*** Source material ***
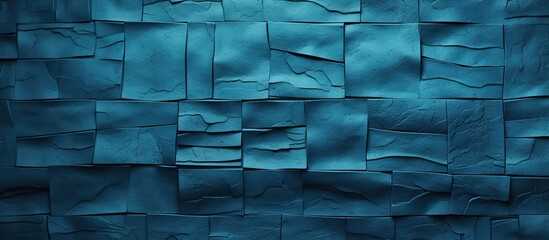 Leinwandbilder - An image of a blue wall with a textured relief pattern allowing room for additional content or text
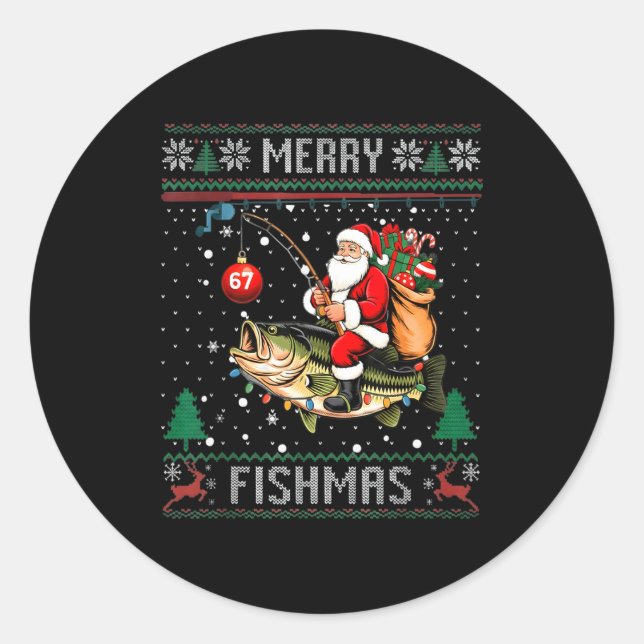 Adesivo Feliz Fishmas Papai Noel Montando B Peixe Natal Ca (Frente)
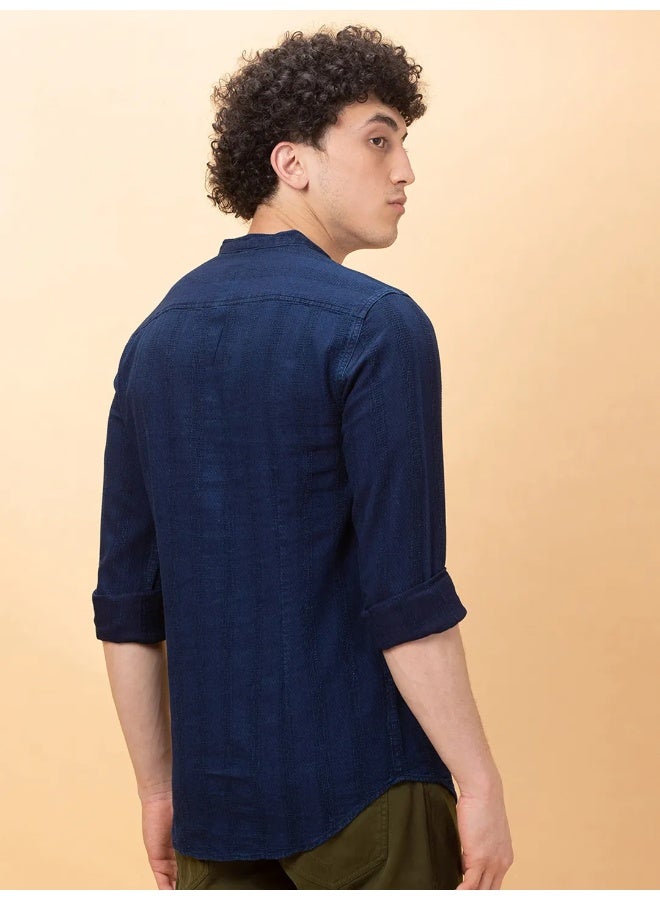 Being Human Mens Dark Navy Collared Long Sleeve Kurta Shirt - Image 3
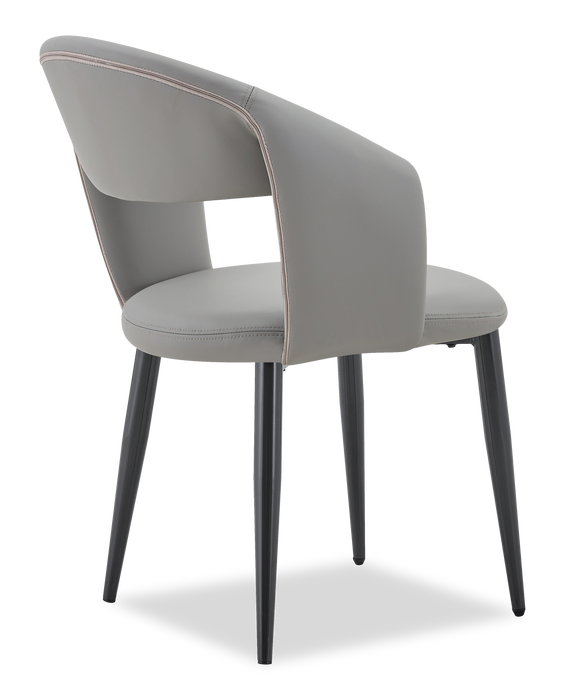 Orion Dining Chair with Vegan-Leather Fabric, Metal – Grey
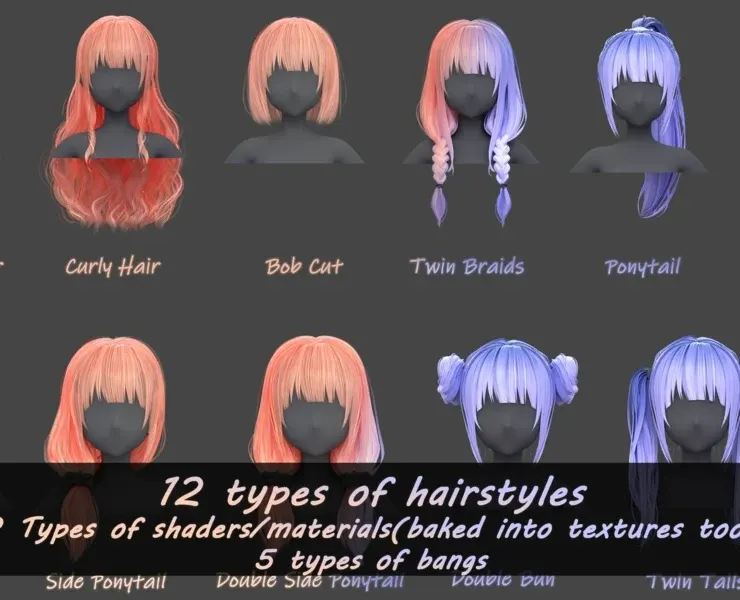 Poly Hairstyle pack-12 types of Hairstyles(obj, fbx, blend files)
*** End of Source material ***
(Exercise instructions):
Each line from the one containing "Being Human Mens" through the last line of the data should be written out exactly. Skip the pictures, and add no other lines.

(Exercise output):
 Being Human Mens Dark Navy Collared Long Sleeve Kurta Shirt - Image 3
 Orion Dining Chair with Vegan-Leather Fabric, Metal – Grey
 Poly Hairstyle pack-12 types of Hairstyles(obj, fbx, blend files)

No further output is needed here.